Try to triple...get a lyft rider and once carpool comes back you could maybe quadruple.....


----------



## Capitalism (Sep 12, 2019)

shook187 said:


> I know my area well and run both GH and DD so when an opportunity rises and could pick up two orders and deliver them both on time, I definitely do it. I've even picked up 2 orders from the same restaurant each from GH and DD..
> 
> it gets hectic at times but it's been really lucrative for me I only run the apps on weekends, Friday Saturday and Sunday and I'm banking $700 as a side gig.


Run 4 apps at same time..
I love triple or quads better then doubles..
Only way to survive out there..


----------



## Lute Byrt (Feb 20, 2020)

Two pair is nice, three of a kind or full house is better, quads is even betterer...


----------



## uberboy1212 (Jan 10, 2017)

3, 4, whatever works for u.

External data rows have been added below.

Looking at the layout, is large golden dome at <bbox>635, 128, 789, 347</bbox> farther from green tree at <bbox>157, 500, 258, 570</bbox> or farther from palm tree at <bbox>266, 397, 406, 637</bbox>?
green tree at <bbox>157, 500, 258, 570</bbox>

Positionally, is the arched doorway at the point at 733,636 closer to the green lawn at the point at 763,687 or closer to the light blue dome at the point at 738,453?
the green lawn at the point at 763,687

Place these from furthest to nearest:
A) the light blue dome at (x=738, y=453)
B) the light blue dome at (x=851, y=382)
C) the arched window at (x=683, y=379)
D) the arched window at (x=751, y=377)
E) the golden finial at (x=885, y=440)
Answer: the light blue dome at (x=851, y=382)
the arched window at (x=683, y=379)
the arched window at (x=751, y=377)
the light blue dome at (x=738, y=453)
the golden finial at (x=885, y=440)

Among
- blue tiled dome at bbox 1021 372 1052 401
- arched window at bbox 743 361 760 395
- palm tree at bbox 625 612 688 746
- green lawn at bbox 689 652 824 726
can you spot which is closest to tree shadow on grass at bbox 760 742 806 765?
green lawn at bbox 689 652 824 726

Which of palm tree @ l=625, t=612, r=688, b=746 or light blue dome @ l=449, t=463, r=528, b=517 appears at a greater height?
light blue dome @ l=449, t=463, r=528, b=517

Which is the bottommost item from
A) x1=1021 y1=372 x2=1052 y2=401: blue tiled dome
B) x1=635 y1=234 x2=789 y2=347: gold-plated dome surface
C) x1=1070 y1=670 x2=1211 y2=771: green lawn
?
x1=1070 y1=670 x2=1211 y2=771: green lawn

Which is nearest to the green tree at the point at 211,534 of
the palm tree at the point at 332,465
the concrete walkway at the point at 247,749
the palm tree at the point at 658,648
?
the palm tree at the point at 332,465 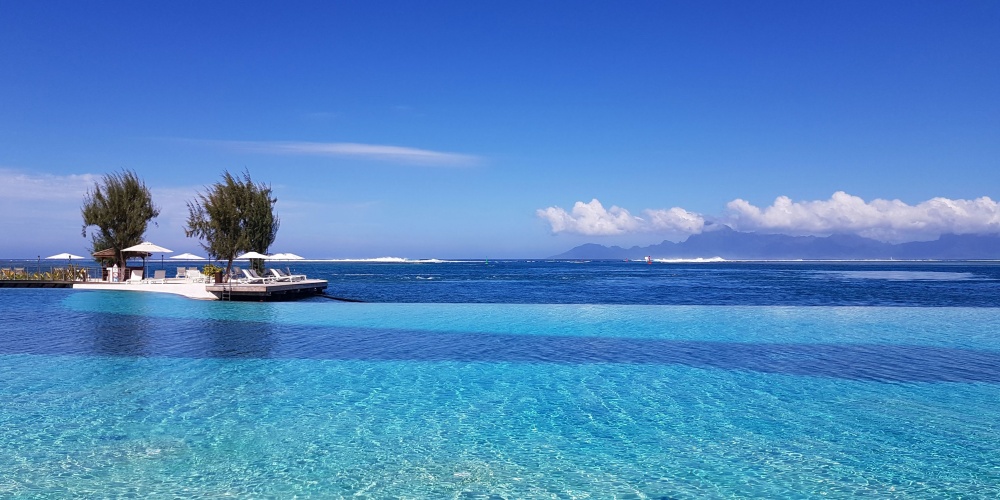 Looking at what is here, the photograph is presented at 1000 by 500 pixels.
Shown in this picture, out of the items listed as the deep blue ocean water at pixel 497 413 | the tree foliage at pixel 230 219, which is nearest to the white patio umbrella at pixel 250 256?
the tree foliage at pixel 230 219

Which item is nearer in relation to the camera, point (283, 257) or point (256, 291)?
point (256, 291)

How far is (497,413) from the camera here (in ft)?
29.9

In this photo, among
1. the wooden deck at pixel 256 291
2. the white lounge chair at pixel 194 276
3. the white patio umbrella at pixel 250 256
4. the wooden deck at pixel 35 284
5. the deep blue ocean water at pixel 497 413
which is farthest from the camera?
the wooden deck at pixel 35 284

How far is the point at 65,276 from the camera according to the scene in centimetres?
3681

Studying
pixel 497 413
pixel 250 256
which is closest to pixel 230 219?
pixel 250 256

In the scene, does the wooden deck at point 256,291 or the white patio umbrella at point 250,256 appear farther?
the white patio umbrella at point 250,256

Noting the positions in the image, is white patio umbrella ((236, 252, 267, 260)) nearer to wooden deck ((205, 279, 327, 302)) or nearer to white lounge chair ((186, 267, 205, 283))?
white lounge chair ((186, 267, 205, 283))

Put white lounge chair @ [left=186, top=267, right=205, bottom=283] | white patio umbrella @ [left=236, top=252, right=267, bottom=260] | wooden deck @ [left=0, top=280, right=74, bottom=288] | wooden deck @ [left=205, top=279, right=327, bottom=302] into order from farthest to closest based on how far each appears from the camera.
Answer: wooden deck @ [left=0, top=280, right=74, bottom=288] < white patio umbrella @ [left=236, top=252, right=267, bottom=260] < white lounge chair @ [left=186, top=267, right=205, bottom=283] < wooden deck @ [left=205, top=279, right=327, bottom=302]

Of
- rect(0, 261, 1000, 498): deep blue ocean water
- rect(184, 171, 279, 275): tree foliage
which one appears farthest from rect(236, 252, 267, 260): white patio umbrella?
rect(0, 261, 1000, 498): deep blue ocean water

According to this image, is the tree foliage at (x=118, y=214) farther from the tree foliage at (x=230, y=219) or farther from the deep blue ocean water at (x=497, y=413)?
the deep blue ocean water at (x=497, y=413)

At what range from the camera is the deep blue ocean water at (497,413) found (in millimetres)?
6453

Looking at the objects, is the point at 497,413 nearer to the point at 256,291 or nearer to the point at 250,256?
the point at 256,291

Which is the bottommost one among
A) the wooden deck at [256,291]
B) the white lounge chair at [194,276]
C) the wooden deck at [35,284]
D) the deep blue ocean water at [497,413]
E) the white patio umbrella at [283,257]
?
the deep blue ocean water at [497,413]

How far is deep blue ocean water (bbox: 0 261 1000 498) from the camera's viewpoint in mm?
6453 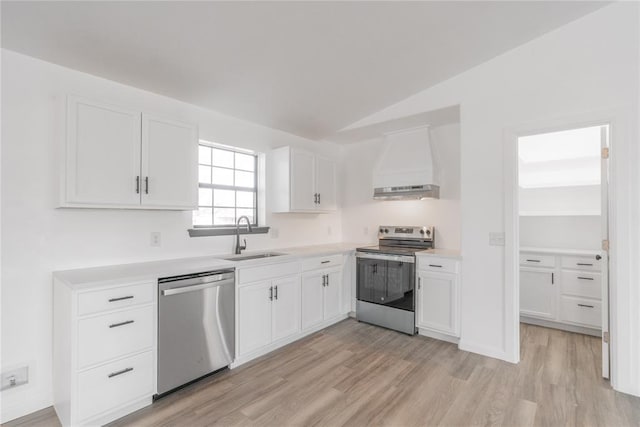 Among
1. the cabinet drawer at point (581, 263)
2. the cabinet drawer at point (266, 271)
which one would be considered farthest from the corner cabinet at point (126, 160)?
the cabinet drawer at point (581, 263)

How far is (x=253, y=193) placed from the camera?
3.83 metres

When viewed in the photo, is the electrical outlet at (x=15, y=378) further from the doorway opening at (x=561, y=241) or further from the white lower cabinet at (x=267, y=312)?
the doorway opening at (x=561, y=241)

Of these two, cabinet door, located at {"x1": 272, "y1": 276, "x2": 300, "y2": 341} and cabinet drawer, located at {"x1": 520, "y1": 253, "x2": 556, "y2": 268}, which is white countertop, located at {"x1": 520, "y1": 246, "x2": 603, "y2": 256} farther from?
cabinet door, located at {"x1": 272, "y1": 276, "x2": 300, "y2": 341}

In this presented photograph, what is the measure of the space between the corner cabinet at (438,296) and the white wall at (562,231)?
154cm

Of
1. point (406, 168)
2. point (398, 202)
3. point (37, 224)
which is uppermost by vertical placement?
point (406, 168)

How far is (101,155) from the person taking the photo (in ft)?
7.35

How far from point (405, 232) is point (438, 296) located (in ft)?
3.44

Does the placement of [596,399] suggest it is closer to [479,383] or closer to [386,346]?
[479,383]

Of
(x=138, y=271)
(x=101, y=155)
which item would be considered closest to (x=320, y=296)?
(x=138, y=271)

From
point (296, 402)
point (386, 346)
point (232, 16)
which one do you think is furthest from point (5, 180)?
point (386, 346)

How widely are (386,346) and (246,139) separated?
8.93 ft

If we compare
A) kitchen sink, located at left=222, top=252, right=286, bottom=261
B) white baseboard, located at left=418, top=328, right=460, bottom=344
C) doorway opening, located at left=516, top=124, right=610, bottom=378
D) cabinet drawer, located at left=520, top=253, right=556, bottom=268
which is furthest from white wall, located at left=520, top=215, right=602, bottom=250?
kitchen sink, located at left=222, top=252, right=286, bottom=261

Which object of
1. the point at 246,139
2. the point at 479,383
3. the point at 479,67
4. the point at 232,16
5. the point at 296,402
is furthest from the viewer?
the point at 246,139

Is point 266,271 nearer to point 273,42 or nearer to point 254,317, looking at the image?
point 254,317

More is always better as long as u can handle it. The goal is to always minimize down time


----------



## NOXDriver (Aug 12, 2018)

GH will usually only give you one order, and then wait until you are almost at the delivery to send you another, so adding a Lyft/Uber ride while you wait is usually smart. Problem is that you don't know the location of the Uber drop off so you can really get into a bind if its in the complete opposite direction. USUALLY the rides are not far (2-6 miles) and sometimes it worked perfectly (or good enough).


----------



## Last Ant Standing (Jan 14, 2020)

Seamus said:


> Many of the experienced drivers run at least two apps and get good at stacking them across platforms and still delivering on time. When I feel real ambitious I run three. DD and GH are a given, and sometimes I add UE.


I run 3 at the same time, UE DD and GH. There is always a constant flow of orders coming in. Once i accept an order i turn off the other apps and only turn them back on when i'm about 5 mins away from drop off.



Capitalism said:


> Run 4 apps at same time..
> I love triple or quads better then doubles..
> Only way to survive out there..


I don't run PM, people don't tip on PM, and there is no tipping option on the app.


----------



## rideshareapphero (Mar 30, 2018)

I do it all the time with GH and DD, it's a matter of coordinating the orders, knowing your area and the restaurants, I have even done all 3 apps a few times GH, DD and UE.


----------



## Mash Ghasem (Jan 12, 2020)

shook187 said:


> *Do you double dip?*


Sounds like an episode of...


----------



## Woohaa (Jan 15, 2017)

I run several apps and prioritize delivery by tip amount. The highest tip gets delivered first and so on.


----------